Mexican labor topic of employer's meeting
Farmers and Mexican nationals employed by them met with a representative of the War Food Administration at the Chamber of Commerce building to discuss a renewal of labor contracts up to May 1, next year. About 250 Mexican nationals attended the meeting of whom about half were agreeable to a renewal. Many others are “on the fence” until a decision as to whether or not a leave to visit their families in Mexico will be granted this year. In previous years the Mexicans have been granted up to 45 days leave by agreement with their employers. Due to the uncertain future of the War Food Administration, now set to disband on the last of day of this year, agreements as to leave, or renewal of contracts is only tentative. According to L.R. Hart, head of the Sebastopol Fruit Growers Assoc., the Mexican nationals have proved to be the most satisfactory of the imported farm labor in this area.
Rural branch post office is authorized
The rural post office branch will be established at the Freestone Country Store, 500 Bohemian Highway, Freestone, according to Congressman Don Clausen’s office. The branch will be the first one of its kind to be announced for Sonoma County, and is a result of a recent study made by the Post Office Department. The rural branches are being instituted to take some of the burden off post offices.
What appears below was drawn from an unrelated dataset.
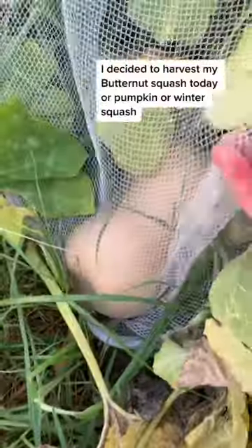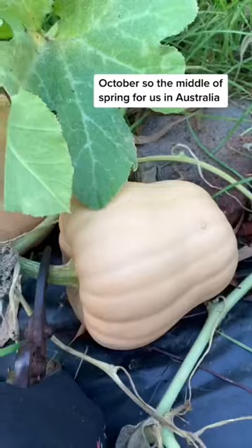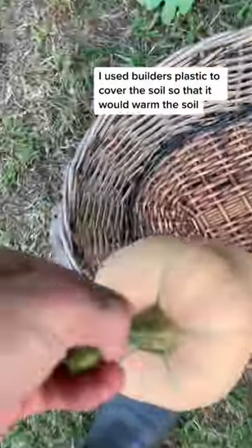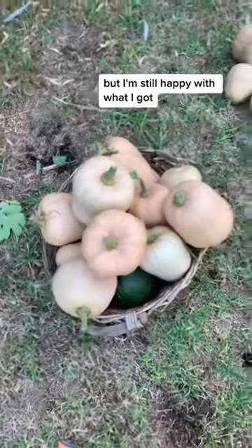I decided to harvest my butternut squash today, or pumpkin or winter squash. I grew these from seed five months ago, which was October, so the middle of spring for us in Australia. I used builder's plastic to cover the soil so that it would warm the soil, because they do like warm soil, and it grew pretty well, although I probably could have grown more, but I'm still happy with what I got.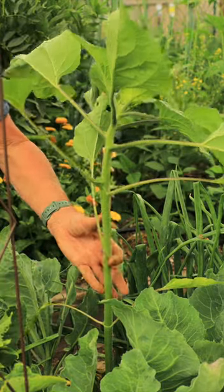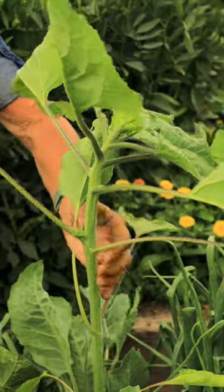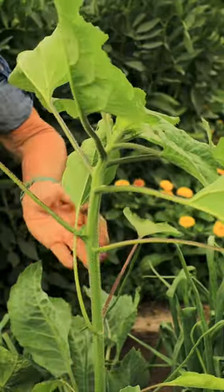Sunflowers can make a great natural trellis system for cucumbers to grow on. Plant your sunflower seeds about three weeks before you plant your cucumbers so that it can get some girth and some height.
October 2020 - West County Museum happenings
From the estate of Edna Cheek, the museum has received the records, newsletters, photographs and newspaper clippings of the Analy Preschool, which are all very well organized, in binders and boxes, and digitized by her daughter, Jan Cheek. Mrs. Cheek was a teacher at the preschool from 1966 to 2010. Upon her retirement she was asked if she wanted to store the “old” records and she had the foresight that someday it should be given to the Museum to preserve its history. We are very pleased to have received this collection so we can preserve and share the history of the Analy Preschool.
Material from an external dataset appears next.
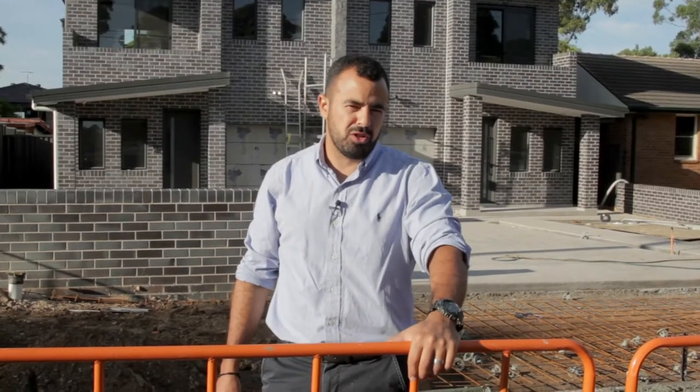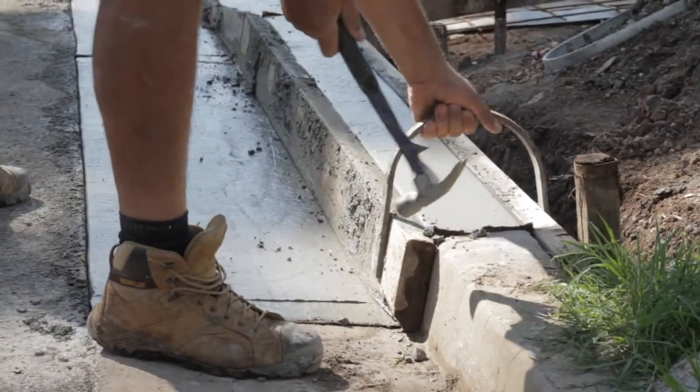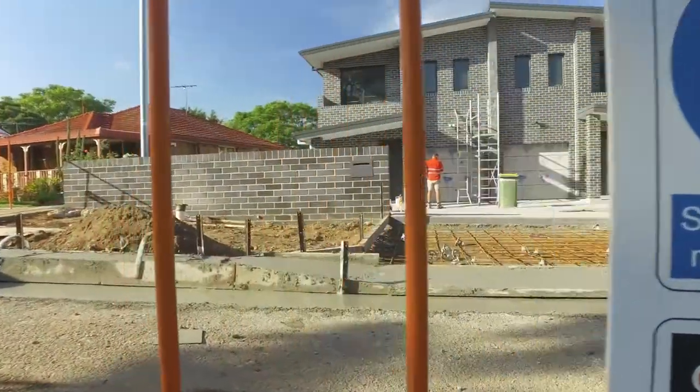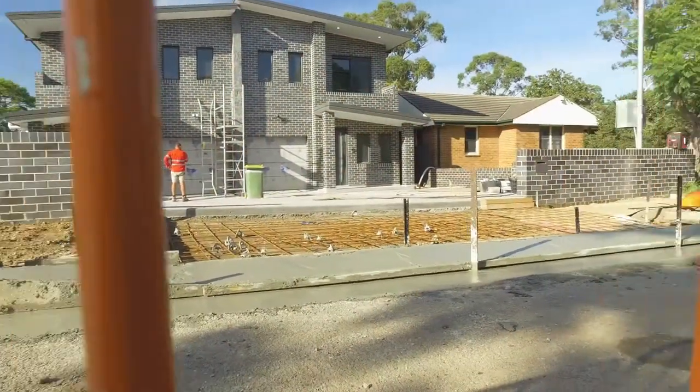In the coming days we're looking to pour the crossover and the footpath. We'll see you next time.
The Museum’s Suffrage exhibit has been completed and eagerly awaits visitors. Until we have been given the clearance to open you can get a peak via our virtual tour narrated by Mary Dodgion with special guests; Ellen Bowen and Michael Carnacchi. You will get a glimpse of the exhibit, a special collection of Suffrage ephemera detailed by Mr. Carnacchi, and a live performance by Columbia, who was part of the 1913 Washington, D.C. parade orchestrated by Alice Paul and Lucy Burns. Visit www.wschs.org to view it.
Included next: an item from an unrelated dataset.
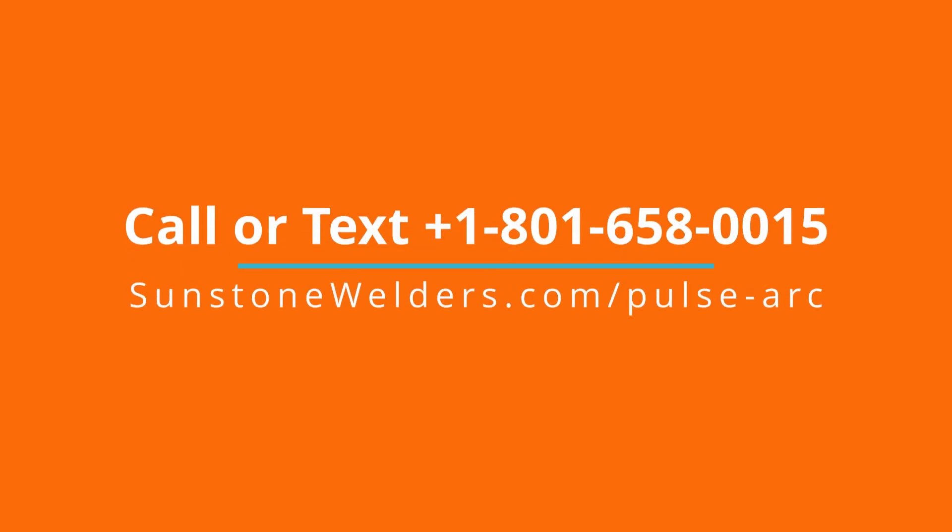Call 801-658-0015 today or visit sunstonewelders.com.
The museum was contacted by the Sebastopol Community Outreach Coordinator, Holly Hansen, to work with the Exchange Bank who is opening a new branch building at 640 Gravenstein Highway North. We have provided them with a pictorial timeline of Sebastopol for their “Proud Wall.” This should prove to be of great interest to local town people to bring back memories and interest in the heritage of our town. For a look back in time, the branch is located on the lot formerly occupied by Harold Homar’s Enco Humble Tire Shop from 1965 to 1975, right between today’s Taco Bell and Mary’s Pizza Shack.